In practice pi-ai almost certainly sends an array when prompt caching is active, so this is unlikely to matter today. But a future change or a different code path could send a string, and the silent degradation would be hard to diagnose. A small guard comment (or a dev-mode `log.warn`) would make this explicit:
```suggestion
} else if (typeof system === "string" && system.includes(delimiter)) {
// splitAndCache=true but system is a plain string (no cache_control blocks),
// so we can't split into discrete content blocks — just strip the delimiter.
// This normally doesn't happen when pi-ai has prompt caching enabled.
payloadObj.system = system.replace(delimiter, "\n");
```
How can I resolve this? If you propose a fix, please make it concise.Note: If this suggestion doesn't match your team's coding style, reply to this and let me know. I'll remember it for next time!
|
Superseded by #59054. I refreshed this fix on top of current main, kept the Anthropic/Bedrock-only scope, added the changelog entry, and revalidated the touched surface (pnpm test -- src/agents/pi-embedded-runner/system-prompt-cache-boundary.test.ts, pnpm check). Closing this stale branch to keep the merge path single-threaded. |
|
Closed in favor of #59054. |
Summary
Split the monolithic system prompt into two Anthropic API content blocks — a static prefix (cached) and a dynamic suffix (uncached) — so the static prefix stays cached across turns instead of being re-written on every API call.
Problem
buildAgentSystemPrompt()produces a single string containing both static sections (tools, skills, memory, safety rules, project context, heartbeats) and dynamic sections (extraSystemPromptwith per-message group context,## Runtimewith model/capabilities). Anthropic's prompt cache is prefix-based: any byte change invalidates everything after it.Measured on a real multi-tenant deployment (33 agents, 930 calls today):
Fix
Three files, 110 lines added, 0 removed:
src/agents/system-prompt.ts: ExportSYSTEM_PROMPT_CACHE_BOUNDARYdelimiter constant. Insert it right beforeextraSystemPrompt— after all static per-session sections (tools, skills, memory, safety, project context, heartbeats, silent replies).src/agents/pi-embedded-runner/anthropic-stream-wrappers.ts: AddcreateAnthropicSystemPromptCacheSplitWrapper(baseStreamFn, delimiter, splitAndCache):splitAndCache=true: splits system content at the delimiter into two blocks — static prefix keepscache_controlfrom pi-ai, dynamic suffix gets none.splitAndCache=false: strips the delimiter from the prompt so it never leaks to the model.src/agents/pi-embedded-runner/extra-params.ts: Always apply the wrapper (to strip the delimiter), withsplitAndCache=trueonly whenresolveCacheRetention()returns a truthy non-"none"value AND the provider isanthropicor Bedrock Anthropic.Design decisions
<!-- OPENCLAW_CACHE_BOUNDARY -->): Invisible to models, no interface change tobuildAgentSystemPrompt's return type. Follows the sameonPayloadwrapper pattern ascreateOpenRouterSystemCacheWrapper.extraSystemPrompt(not before## Runtime). In group chats,extraSystemPromptcontains per-message sender metadata and group context that changes every turn. Placing the boundary before it keeps tools, skills, memory, project context, and heartbeats in the cached prefix.splitAndCacheflag only controls whether it also splits into separate content blocks with differentialcache_control. This prevents the delimiter from leaking to the model on any provider or cache configuration.resolveCacheRetention()returning a truthy non-"none"value.
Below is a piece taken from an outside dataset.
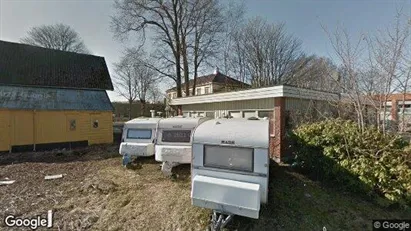 Commercial properties for rent in Trondheim Østbyen - Photo from Google Street View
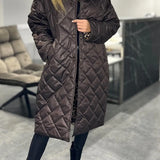Felina – Chaqueta reversible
Sessions that opted out of caching viacacheRetention: "none"get strip-only behavior — no silent cache writes introduced.isAnthropicBedrockModel(modelId)(notprovider) to correctly detect Bedrock Anthropic models, matching the existing usage pattern at line 299.Scope
Security impact
None — no new permissions, secrets, network calls, or execution surface changes.
Test plan
cacheReaddominates after first turnextraSystemPrompt— verify static prefix stays cached/modelswitch mid-session — verify only dynamic block re-cachescacheRetention: "none"— verify delimiter stripped, no cache writescreateOpenRouterSystemCacheWrapperunaffectedpromptMode: "minimal") — verify wrapper is no-op when delimiter absentRelated
message_id— merged)AI-assisted
Developed with Claude Code. Cache analysis performed on real production data from a 33-tenant OpenClaw deployment.